Père Goriot marked the beginning of Balzac’s towering project La Comédie Humaine, his series of novels and short stories depicting “the whole pell-mell of civilization.”
It is the masterful study of father Goriot, a man who has sacrificed everything for his daughters, and the other inhabitants of a Parisian boarding house in 1819.
Goriot has literally bankrupted himself to shore up the finances of his two extravagantly married daughters, selling off everything he owns until he is penniless.
Also boarding in the same house are Eugene de Rastignac and a mysterious man named Vautrin, who develop a plot to advance Rastignac in society by swindling women for their money.
Attracted to one of Goriot’s daughters, Rastignac surrenders to the fever of social climbing.
The resulting tale is a commentary on wealth and human desire that still rings true in the twenty-first century.
Endlessly fascinating, Pere Goriot epitomizes Balzac's ultimate themes: the provincial trying to make good in Paris, the wreckage in the wake of unbridled ambition, and the complexity and brutality of machinations that few come to understand.

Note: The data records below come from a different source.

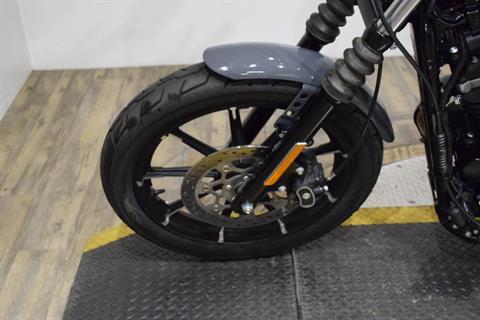 2022 Harley-Davidson Iron 883™ in Wauconda, Illinois - Photo 21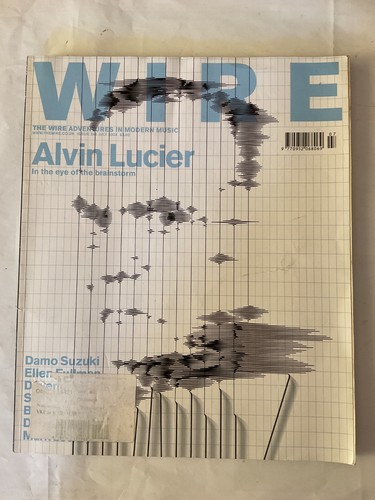 The wire 245 alvin lucier - wire,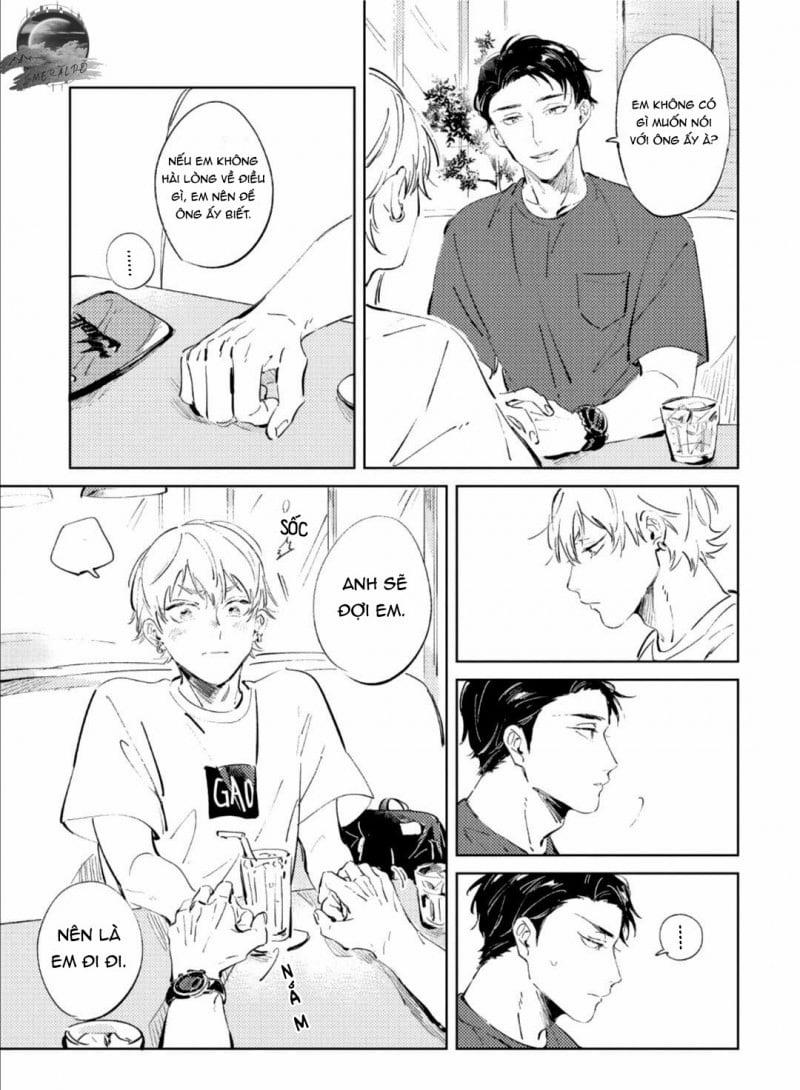 Sugar dog life 5 trang 10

What unifies them is an incomparable storyteller’s fascination with the power of storytelling, while throughout we also detect what Proust so admired: the “mysterious circulation of blood and desire.”

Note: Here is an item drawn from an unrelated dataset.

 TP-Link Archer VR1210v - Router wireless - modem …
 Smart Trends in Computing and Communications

Honoré de Balzac (1799–1850), one of the most influential of French novelists, was born in Tours and educated at the Sorbonne.
Alongside his current and future contemporaries, Victor Hugo and Marcel Proust, Honoré de Balzac is considered to be the preeminent French author of the 19th century.
Fabulous, larger-than-life, Balzac was a man of fertile talent and extreme contrasts, whose proficiency with the pen was matched only by the audacity of his appetites.
A clown, a genius, a glutton and a monk, Balzac burned brightly with the Promethean Gift, and left behind an enormous body of work loosely interconnected in theme and character, writing over eighty novels in the course of his last twenty years, including such masterpieces as Père Goriot, Eugénie Grandet, Lost Illusions, and Cousin Bette.
"Balzac was the master unequalled in the art of painting humanity as it exists in modern society. He searched and dared everything."